[Image-text web data]
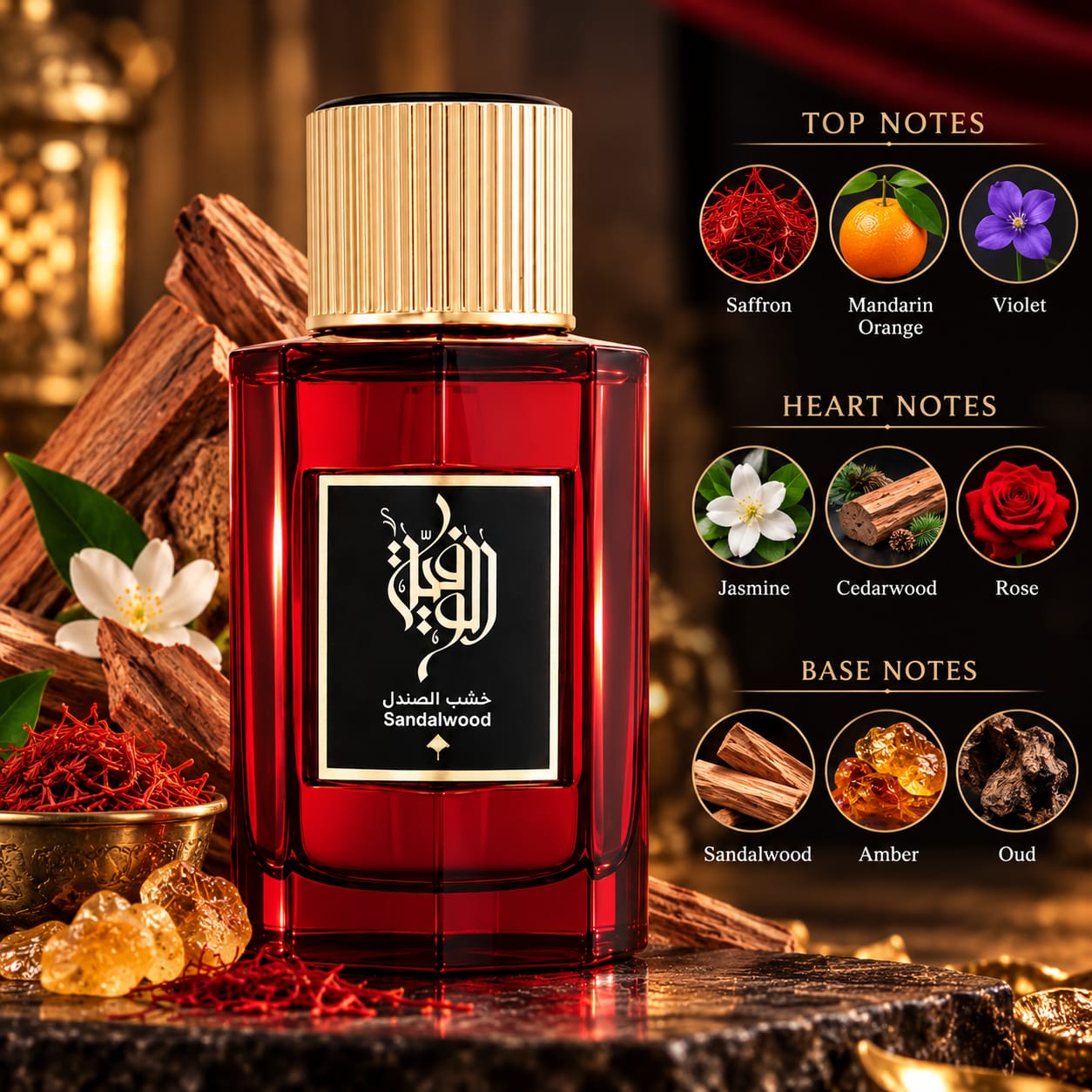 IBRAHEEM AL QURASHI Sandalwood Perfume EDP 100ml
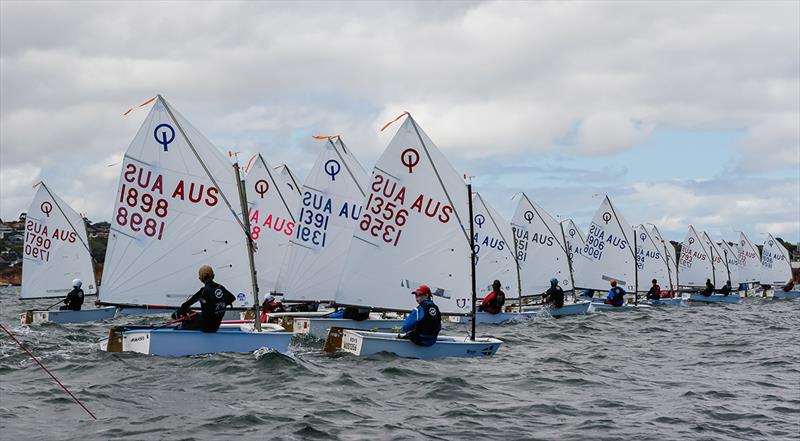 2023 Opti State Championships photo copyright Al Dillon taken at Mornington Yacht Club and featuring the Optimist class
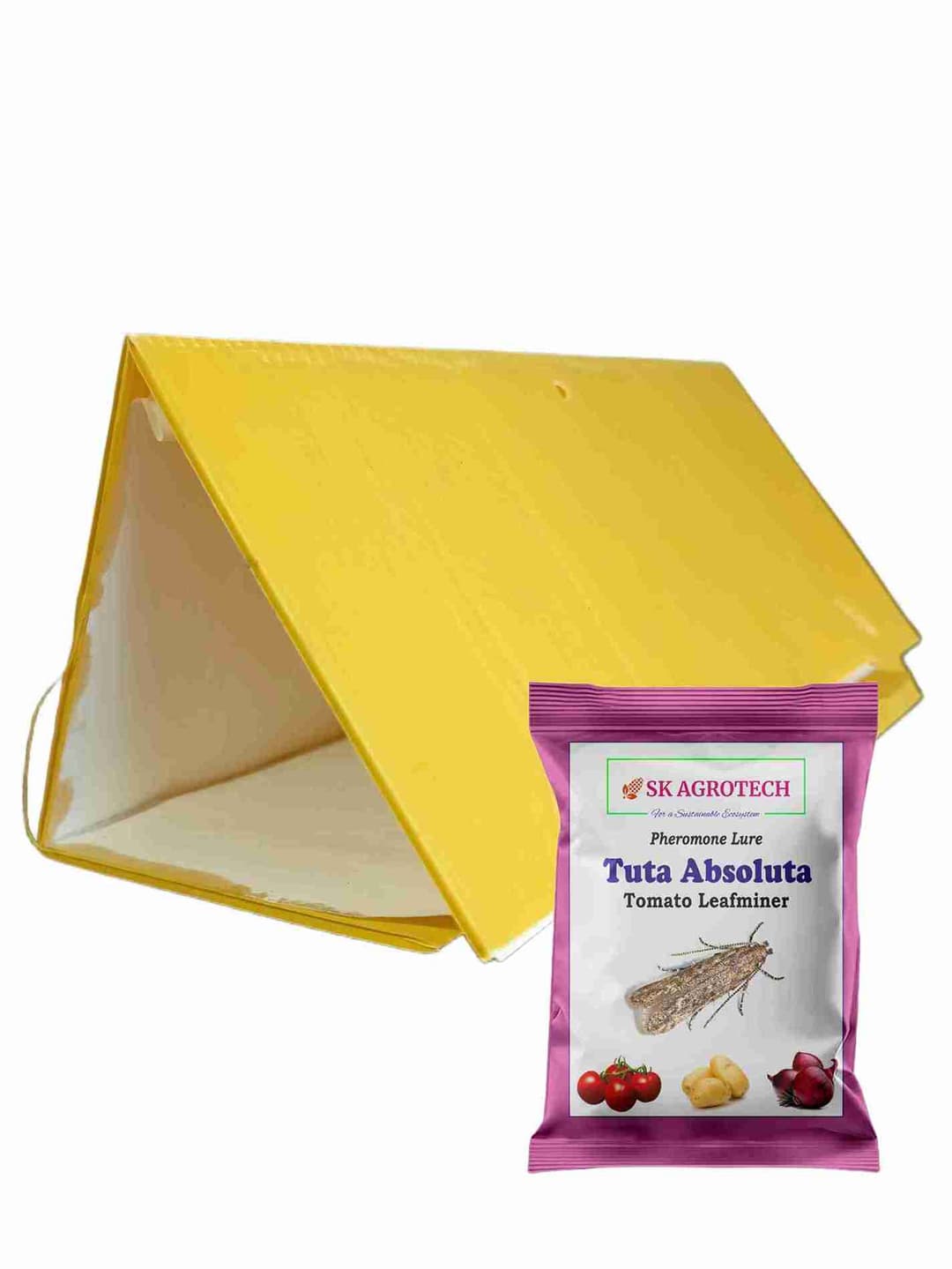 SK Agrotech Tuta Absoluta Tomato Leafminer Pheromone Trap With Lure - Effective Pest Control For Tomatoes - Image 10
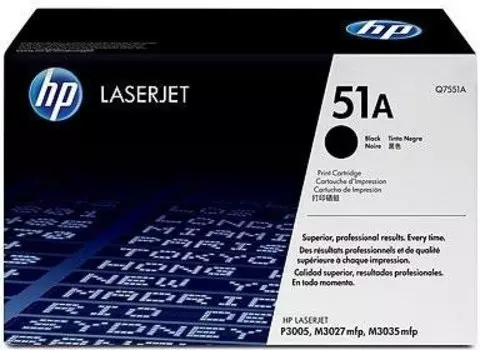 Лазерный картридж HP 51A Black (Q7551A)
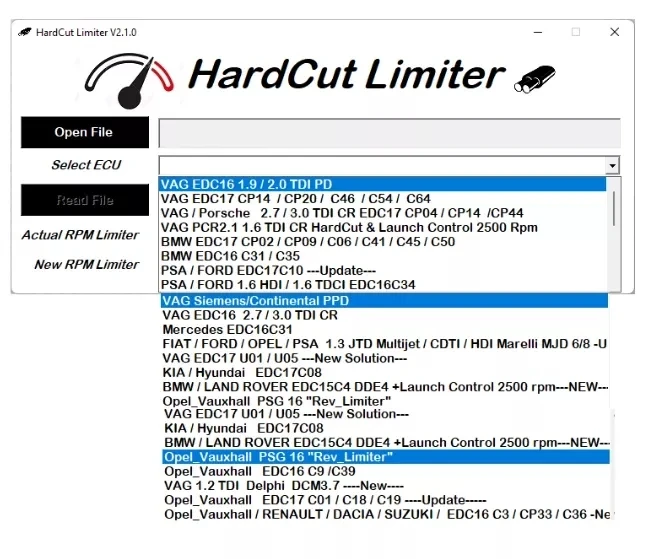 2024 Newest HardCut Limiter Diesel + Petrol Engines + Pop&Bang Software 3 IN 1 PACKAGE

YOUR INSTRUCTIONS: Print only the lines from the one with "2023 Opti State" through the last line of the data above, exactly and with both ends, and please omit any pictures.

RESPONSE FOR THIS EXERCISE:
 2023 Opti State Championships photo copyright Al Dillon taken at Mornington Yacht Club and featuring the Optimist class
 SK Agrotech Tuta Absoluta Tomato Leafminer Pheromone Trap With Lure - Effective Pest Control For Tomatoes - Image 10
 Лазерный картридж HP 51A Black (Q7551A)
 2024 Newest HardCut Limiter Diesel + Petrol Engines + Pop&Bang Software 3 IN 1 PACKAGE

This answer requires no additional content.